Man sagt, der Weg sei das Ziel. Beim Bahnfahren erfüllt sich dieser Leitsatz

Von idyllischen Dörfern mit kleinen alten Kirchen durch Großstädte mit weitaus moderneren und größeren Bauten. Mit der Zeit verändert sich diese Landschaft. Die flachen Maisfelder des Nordens werden nach einer Weile von sanften Hügeln abgelöst, bis diese sich gen Ende zu waschechten Gebirgen, den Dolomiten auftürmen. Auch frischt so eine Zugfahrt quer durch Deutschland geographisches Wissen auf. Als geborene Norddeutsche müssen wir die Annahme, dass alles, was in Deutschlands Mitte liegt, gleich Ruhrpott ist, wohl revidieren. Die weißen Flecken zwischen Hamburg und München werden auf der imaginären Karte mit Farben und Namen gefüllt.
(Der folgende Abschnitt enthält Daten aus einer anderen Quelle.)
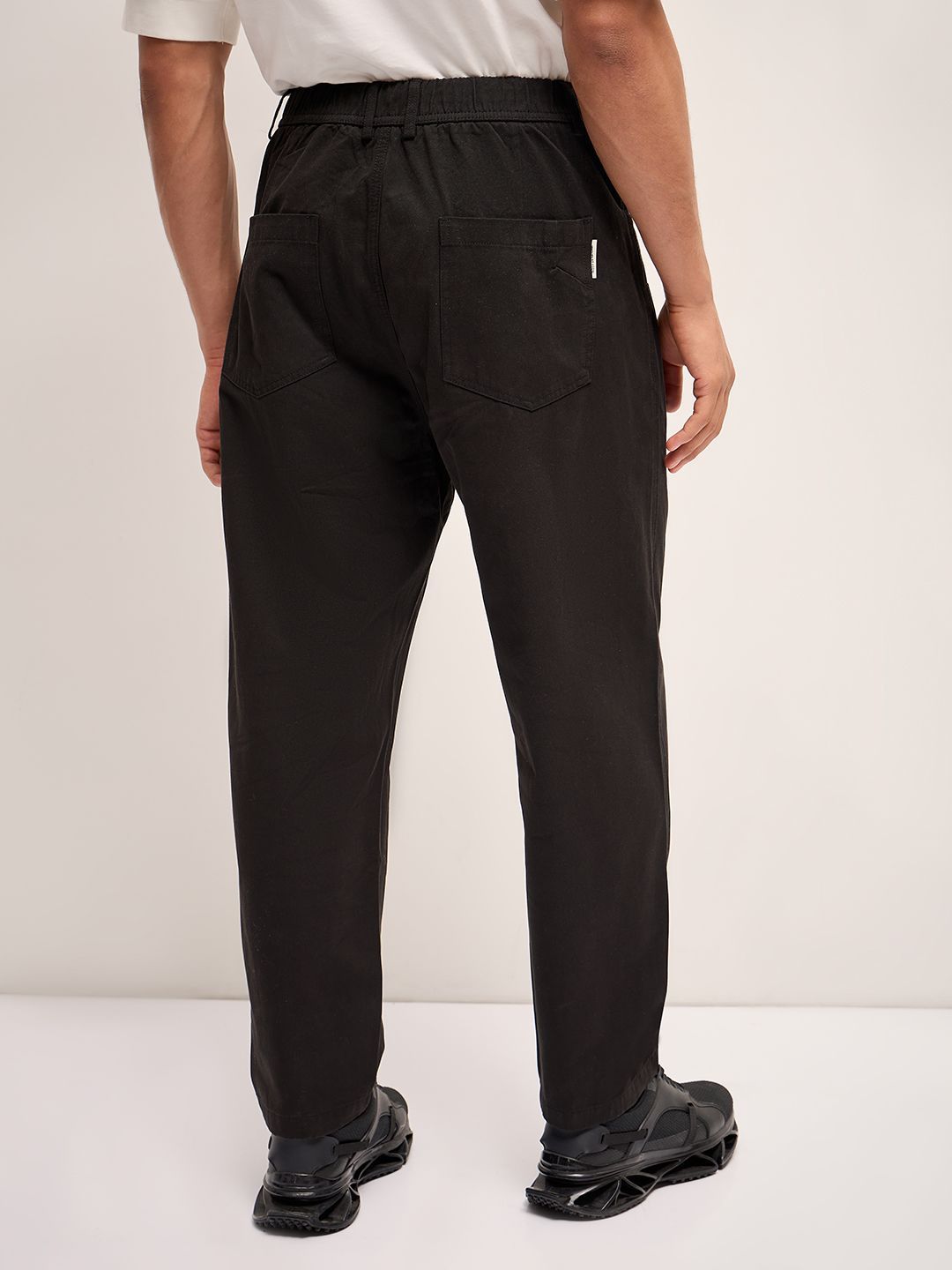THE BEAR HOUSE Men Solid Relaxed Fit Pure Cotton Casual Pant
Schon zu Beginn der Reise fällt uns ein vorteilhafter Charakter-Zug auf. Denn wir müssen nicht bereits zwei Stunden vor Abfahrt im Bahnhofsgebäude Zeit totschlagen, sondern könnten notfalls in letzter Sekunde in den Zug springen. Außerdem muss man beim Aussteigen nicht ewig auf seine vielleicht verschollenen Gepäckstücke warten. Das erspart einem viel Nervenkitzel und der Urlaub kann entspannt beginnen.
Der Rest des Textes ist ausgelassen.